As reported in The Lancet Oncology by van den Bent et al, the final analysis of the phase III CATNON trial has shown continued overall survival benefit with radiotherapy followed by 12 cycles of adjuvant temozolomide in patients with newly diagnosed 1p/19q non–co-deleted anaplastic gliomas; exploratory analysis showed benefit of adjuvant temozolomide among patients with IDH-mutant disease.
Study Details
In the open-label trial, 751 patients from sites in Australia, Europe, and North America were randomly assigned 1:1:1:1 between December 2007 and September 2015 to receive radiotherapy alone (59.4 Gy in 33 fractions), radiotherapy with concurrent oral temozolomide (75 mg/m² per day), radiotherapy with adjuvant oral temozolomide (12 4-week cycles of temozolomide at 150–200 mg/m² on days 1–5), or radiotherapy with both concurrent and adjuvant temozolomide. A total of 444 patients had IDH-mutant astrocytoma. The primary endpoint of the study was overall survival.
Key Findings
Median follow-up for overall survival in the intention-to-treat population was 10.9 years (interquartile range = 9.5–12.7 years). Adjuvant temozolomide was associated with improved overall survival vs no adjuvant temozolomide (hazard ratio [HR] = 0.65, 95% confidence interval [CI] = 0.54–0.77); no significant benefit was observed with concurrent vs no concurrent temozolomide (HR = 0.91, 95% CI = 0.76–1.08).

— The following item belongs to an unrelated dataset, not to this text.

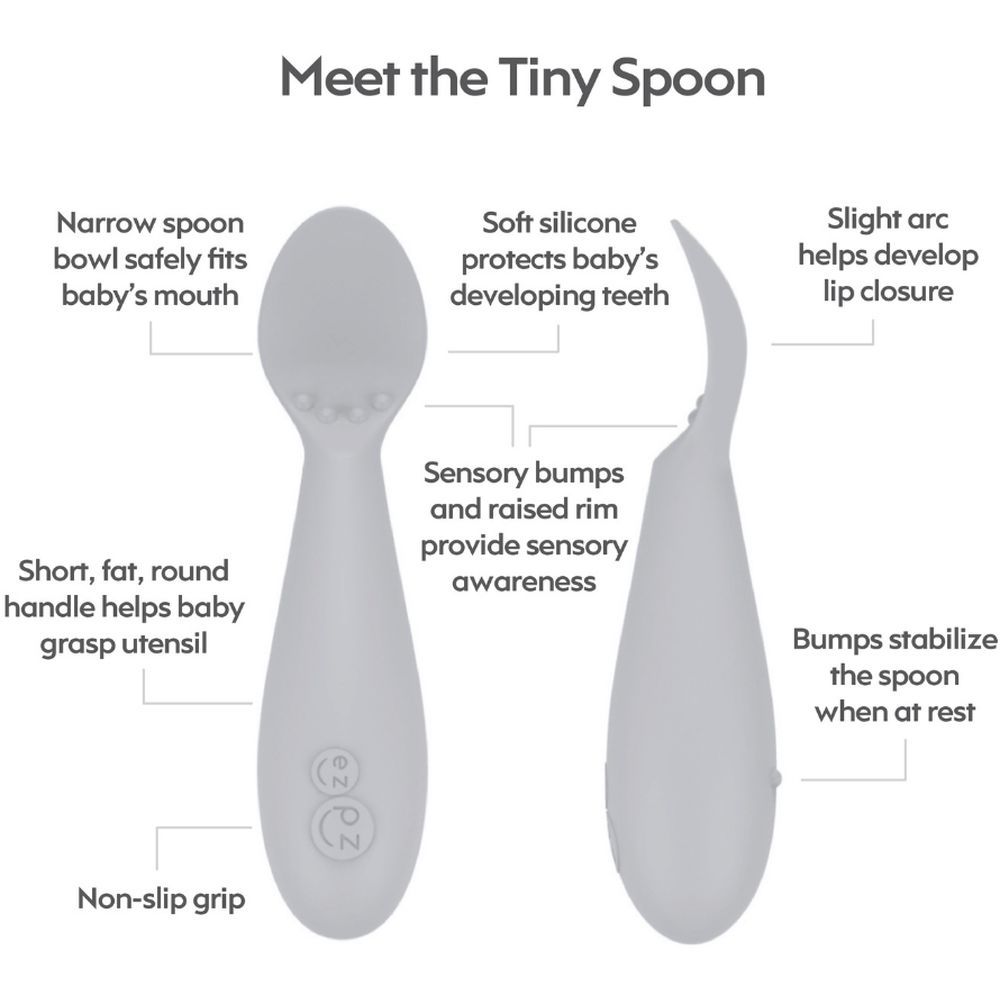 Ezpz - Tiny Spoon Pack of 2 - Pewter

In an exploratory analysis including patients with IDH-mutant tumors, concurrent temozolomide did not significantly improve overall survival vs no concurrent temozolomide (median = 9.7 vs 7.2 years, HR = 0.81, 95% CI = 0.63–1.04). However, for adjuvant vs no adjuvant temozolomide, median overall survival was 12.5 vs 6.0 years (HR = 0.54, 95% CI = 0.42–0.69). No benefit of either concurrent or adjuvant temozolomide was observed among patients with IDH wild-type tumors.
In additional exploratory analyses, methylation-based subtyping and some DNA alterations (eg, amplification of PDGFRA and CDK4, homozygous deletion of CDKN2A, and total copy number variation) were associated with worse outcomes; none were associated with benefit of temozolomide.
The investigators concluded: “Long-term follow-up confirms that radiotherapy followed by 12 cycles of adjuvant temozolomide without concurrent temozolomide during radiotherapy improves survival for individuals with aggressive IDH[-mutant] astrocytoma.”
Martin J. van den Bent, MD, of Brain Tumor Center, Erasmus MC Cancer Institute, Rotterdam, Netherlands, is the corresponding author for The Lancet Oncology article.
Disclosure: The study was funded by MSD. For full disclosures of the study authors, visit thelancet.com.